Over half of homes in Alicia were built before 1986, when lead solder was banned. Older plumbing may leach lead into drinking water, especially with corrosive water chemistry.
Source: U.S. Census Bureau ACS B25034.
Alicia: Remediation Cost in Perspective
In Alicia, the equity share of documented remediation is meaningful enough to move the household financial perspective from routine maintenance into deliberate budgeting territory — the cost-to-value ratio is moderate, and most homeowners benefit from mapping the full scope against available budgets before committing.
Remediation costs are moderate relative to home values in Alicia. The estimated $800–$1,800 range is manageable for most homeowners but still worth budgeting for. Home values are 53% below the Arkansas average.
Protecting Children from Lead in Alicia
Why children are most at risk: The CDC states there is no safe level of lead exposure for children. Children under 6 absorb lead more readily than adults, and even low levels can cause developmental delays, learning difficulties, and behavioral problems.
Households with kids in the home — for whom CDC guidance places particular weight on minimizing exposure — face a specific local picture in Alicia. 79% of homes here come from the pre-rule era, and aggregate utility samples either approach or cross 0.015 mg/L. A baseline draw-test kit and certified lead-removal filtration are available via retailer networks for households confirming conditions at a specific tap.
Sources: EPA Lead and Copper Rule, U.S. Census Bureau ACS, CDC childhood lead poisoning prevention guidelines.
Climate-Related Water Risk for Alicia
Taken together, Alicia's 9 NFIP flood insurance claims and 100% FEMA flood zone coverage place it in the moderate range of exposure. That middle position has specific implications for water quality. The contamination pathways that flooding can open — surface water overwhelming treatment facility intake, floodwaters infiltrating private wells, distribution pressure changes creating backflow — are not constant risks in a moderate-exposure community. But they do become active during significant flood events, and the claim record here indicates enough of those events to make flood timing an occasional factor in local water quality conversations.
Alicia has a moderate flood history with 9 FEMA claims averaging $9,502 per payout. 100% of ZIP codes fall within FEMA flood zones. Flood events can contaminate drinking water and overwhelm treatment systems.

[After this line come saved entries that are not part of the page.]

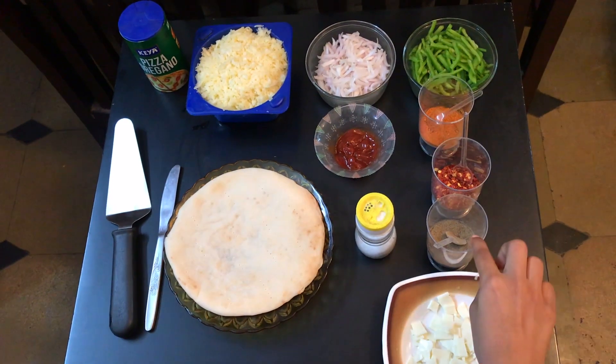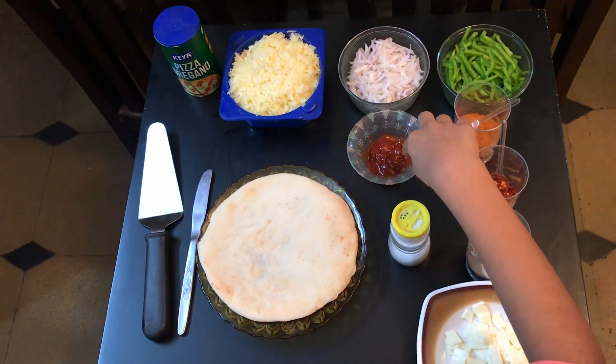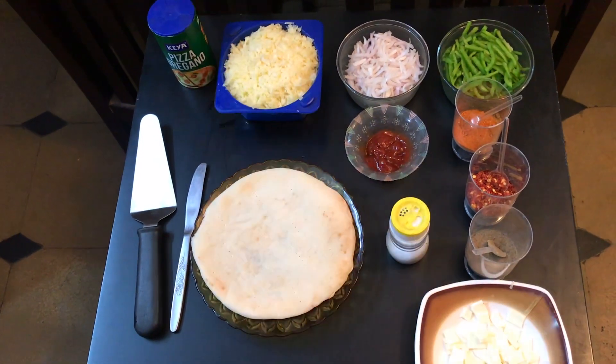We will need pepper, red chili flakes, peri peri, capsicum, onion, pizza sauce, base, cheddar cheese, oregano.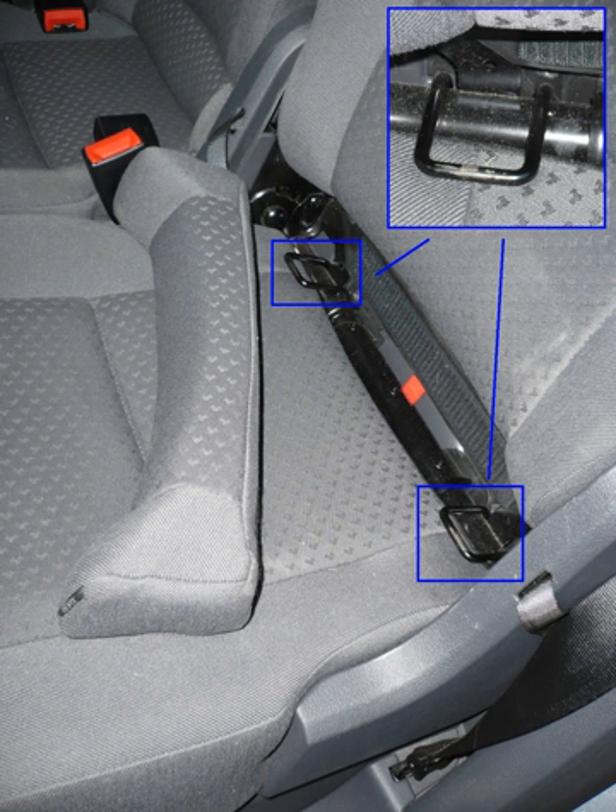ISOFIX is an alternative to securing the seat with seat belts. Seats are secured with a single attachment at the top and two attachments at the base of each side of the seat. The full set of anchor points for this system were required in new cars in the United States starting in September 2002.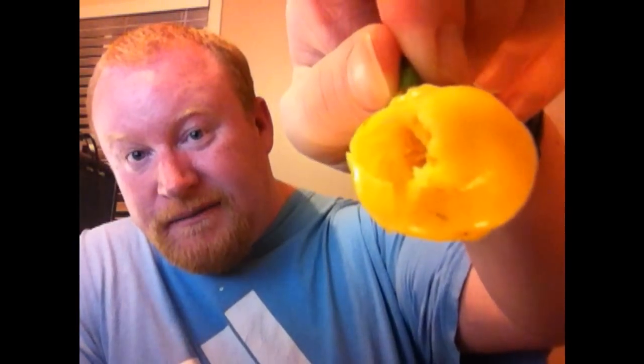Hey everybody, Mike here, gonna do another pod review. Tonight I'm gonna be doing a 7-pot white sent to me from T-Mutter, Todd. As you can see it's kind of got a gaping hole there — it got smashed by the USPS guys.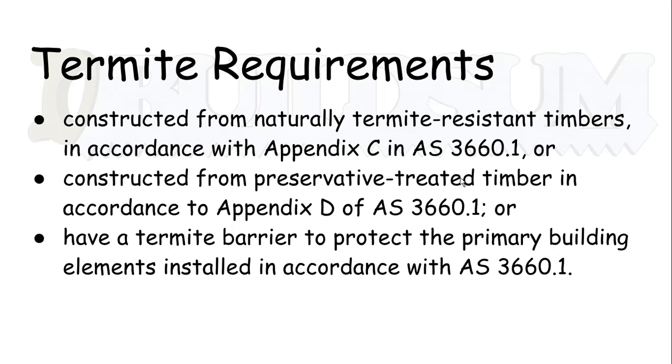The other alternative is to have a termite barrier that protects the primary building elements, installed in accordance with AS 3660.1 as well. The method I'm going to show you incorporates both of those. I always use preservative-treated timber, but I also always install the termite barrier as well — pretty much because it's built in and it's not that hard to do.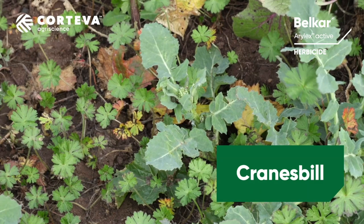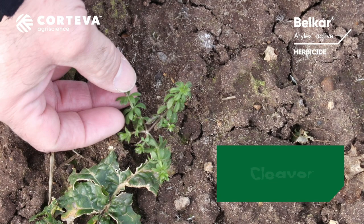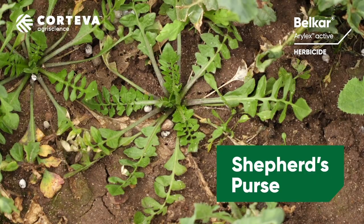A nice thing about cranesbill — there are three main species in the UK, but as far as Belcar is concerned, cranesbill is cranesbill, so it controls all species. It's very good on mayweed and on poppy and your whole range of broadleaf weeds. There are two rates per hectare, or you can wait a little bit later in the autumn period and apply at 0.5 litres per hectare.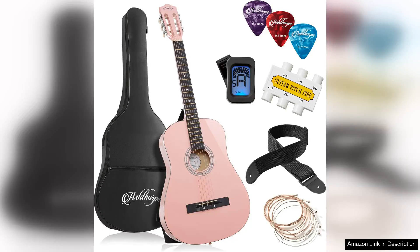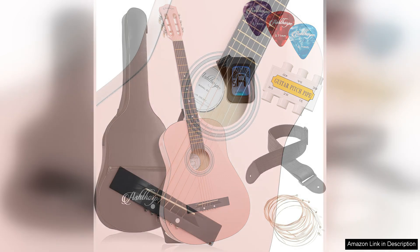The Ashthorpe 38-inch Beginner Acoustic Guitar Package in pink is a delightful starter kit designed for budding musicians right out of the box. The vibrant pink finish is eye-catching and stands out, making it an appealing choice for younger players or anyone looking to add a pop of colour to their music journey.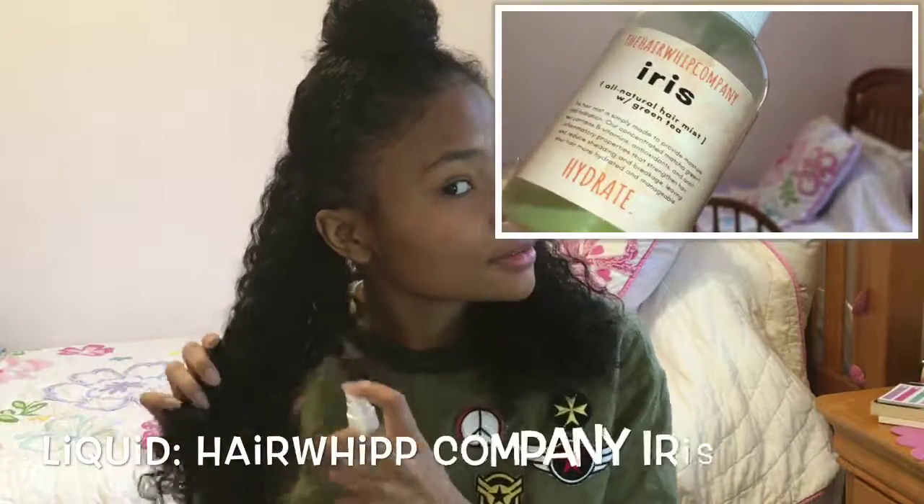What's up, you guys? It's Curly by Nature and I'm back to show you my newest wash and go routine. It's pretty self-explanatory but stay tuned and I'll explain along the way.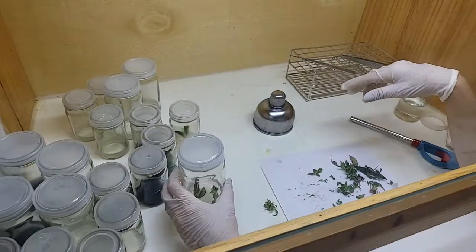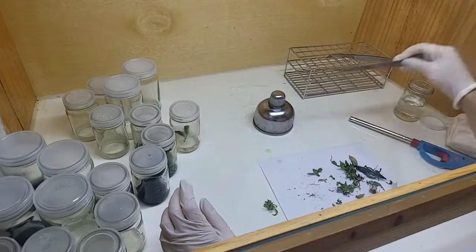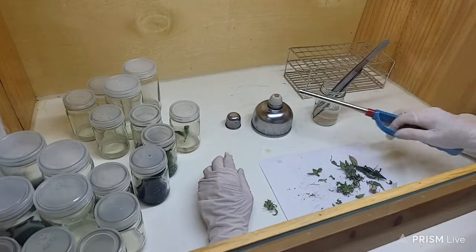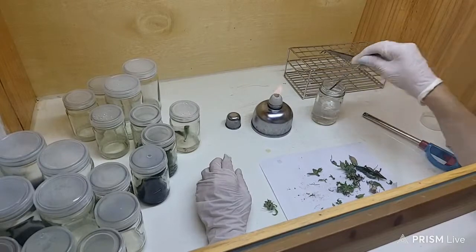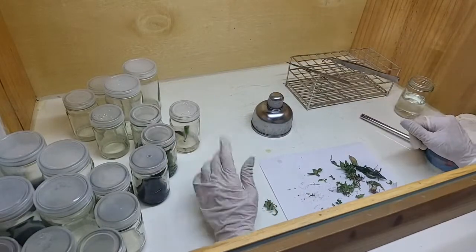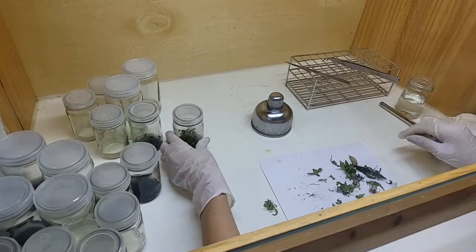It's ready to go on the shelf where the grow lights are. You see the equipment has fallen down, so we're going to dip it in 95% alcohol and then burn it again for at least 10 seconds. Then we start with the next one. That is all for today — bye bye!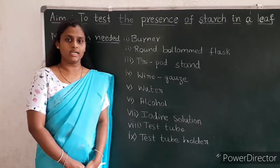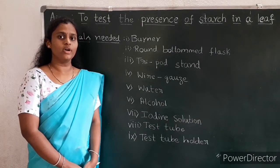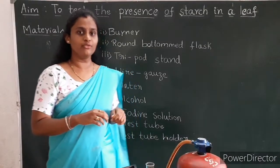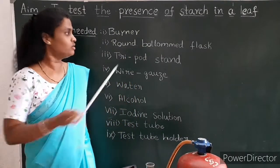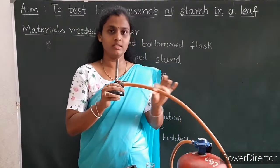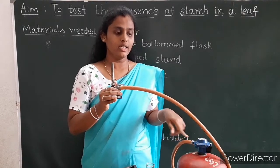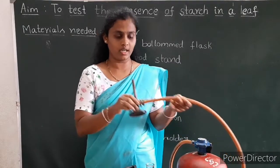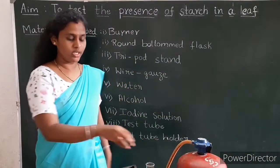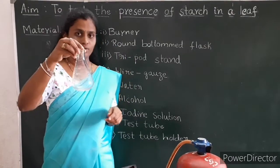Today let us conduct an experiment to test the presence of starch in a leaf. Materials required for the experiment are as follows. First one: burner. This is the burner — here is the rubber tube and it is connected to the cylinder. I am using the gas burner. Second one: round bottom flask. Here I have taken a flat bottom flask; you can use the round bottom flask also.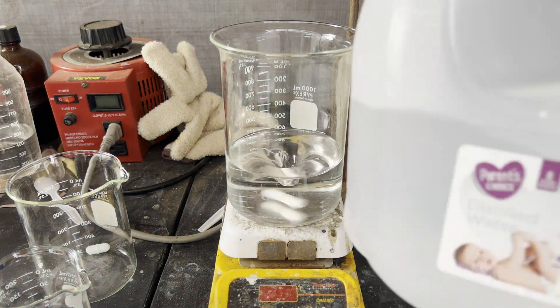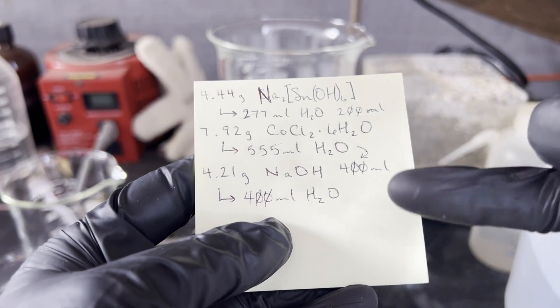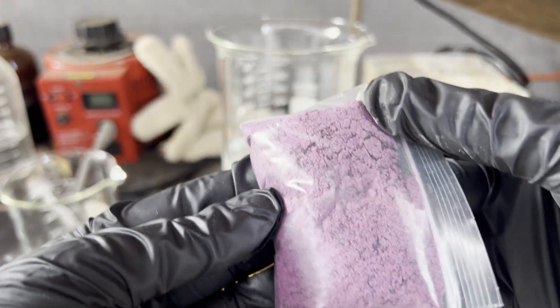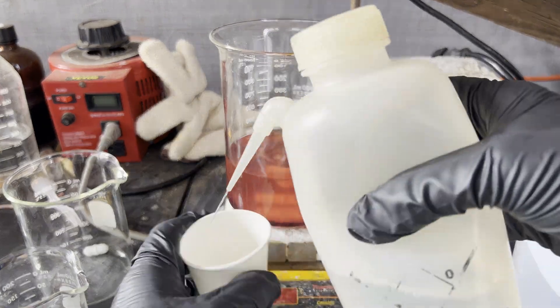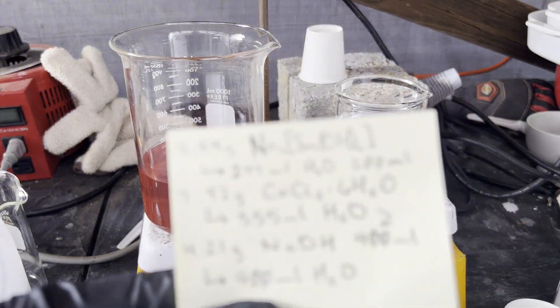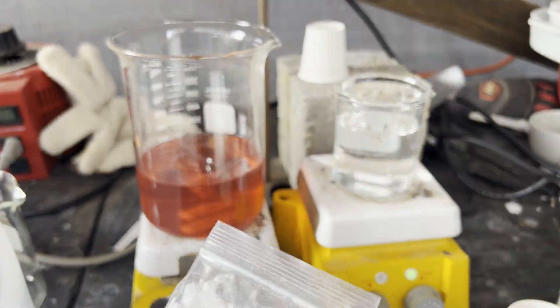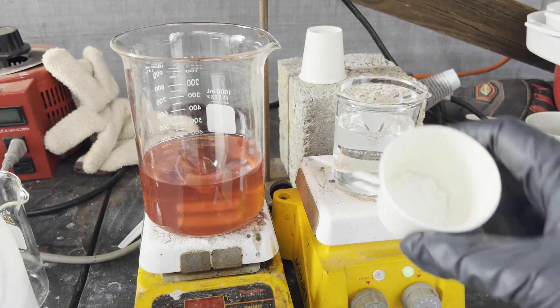First, I dissolve cobalt chloride in distilled water. Then I dissolve sodium stannate in distilled water. In the bag is what I made, and it looks similar enough to the reagent grade stuff in the vial, so I'm confident in its purity.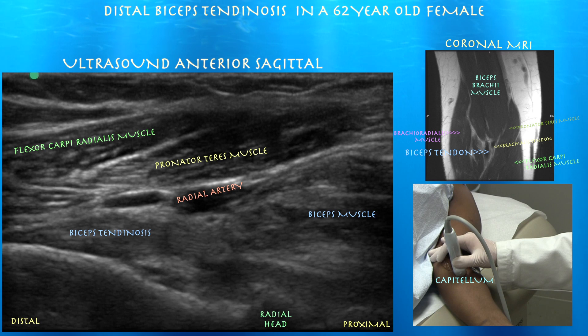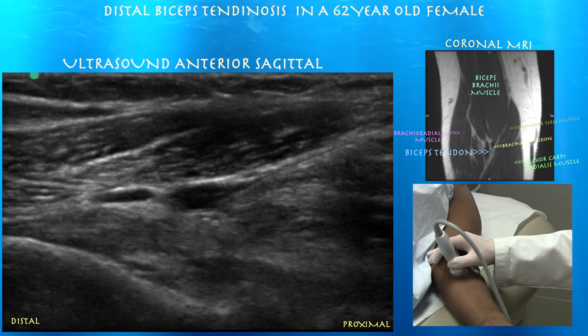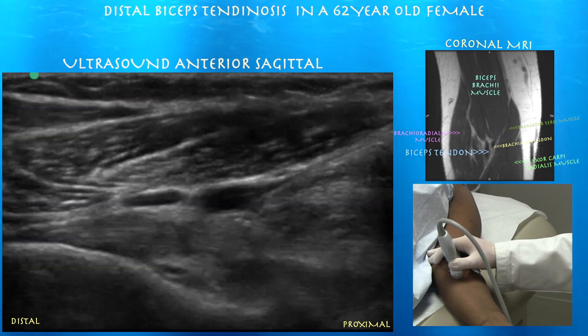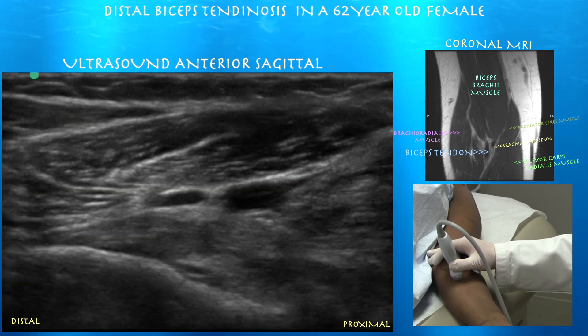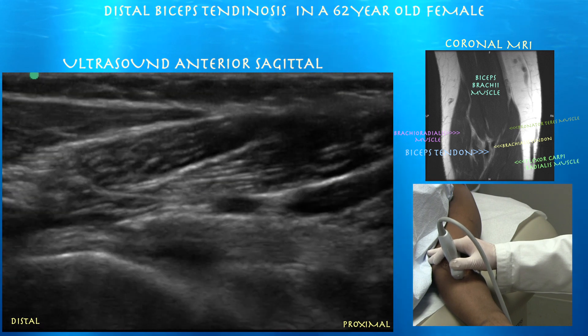Here you can see the biceps tendinosis as it inserts on the radial tuberosity. Again we can see that biceps tendon coming towards the bottom of the screen. You can see some thickening of it — we're getting a fairly decent view here for this medial approach. Again here you can see the thickening of the biceps tendon as it inserts, and you can see it feeding into the biceps muscle as well.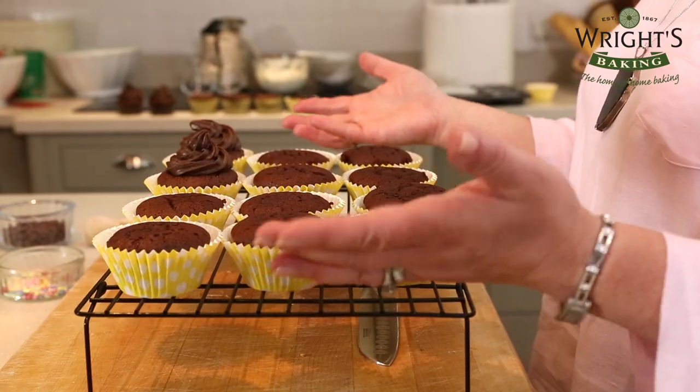And here are my perfect chocolate chip muffins. They've been out of the oven about half an hour so they're cool to touch and they smell gorgeous. There's nothing like the smell of freshly baked cake.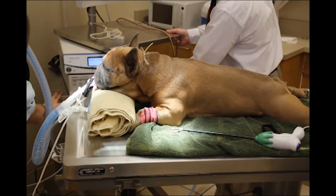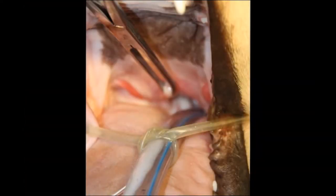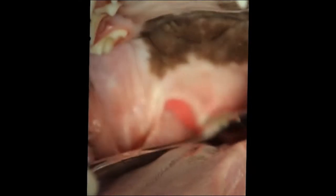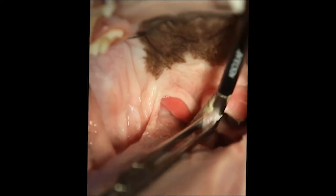You can also use a soft palate resection for brachycephalic dogs. The soft palate is evaluated, then retracted. The vessel sealer then seals and cuts the tissue. This is frequently a 30-second procedure performed at the time of a spay or neuter.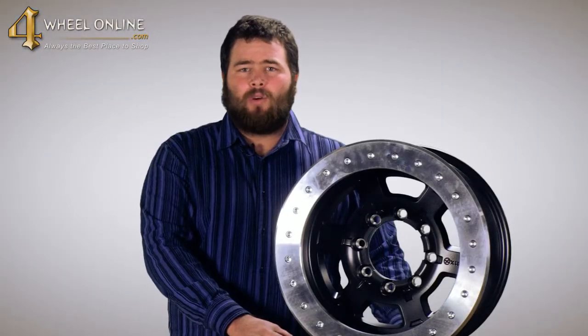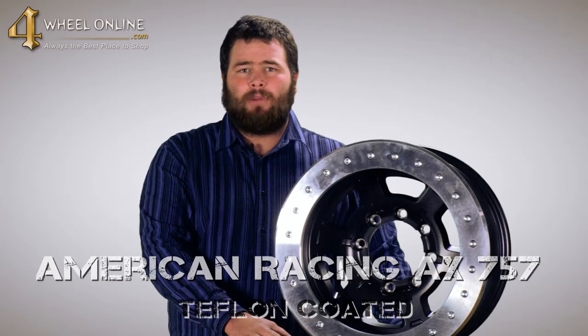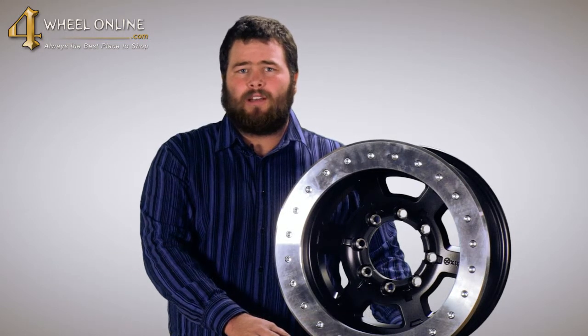If you'd like to purchase or inquire more about the American Racing AX757 Teflon Coated Wheel, please contact one of our American Racing Specialists at 4WheelOnline.com.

How flooding affects water quality: Flood events can introduce sewage, agricultural runoff, and industrial chemicals into water supplies. Even after floodwaters recede, contamination can persist in wells and aging infrastructure. Flood damage can add significantly to the estimated <strong>$1,200</strong> remediation cost per household.
Residents in flood-prone areas should consider flood insurance even outside FEMA zones — over 25% of flood claims come from low-to-moderate risk areas. After any flood event, test your water before drinking.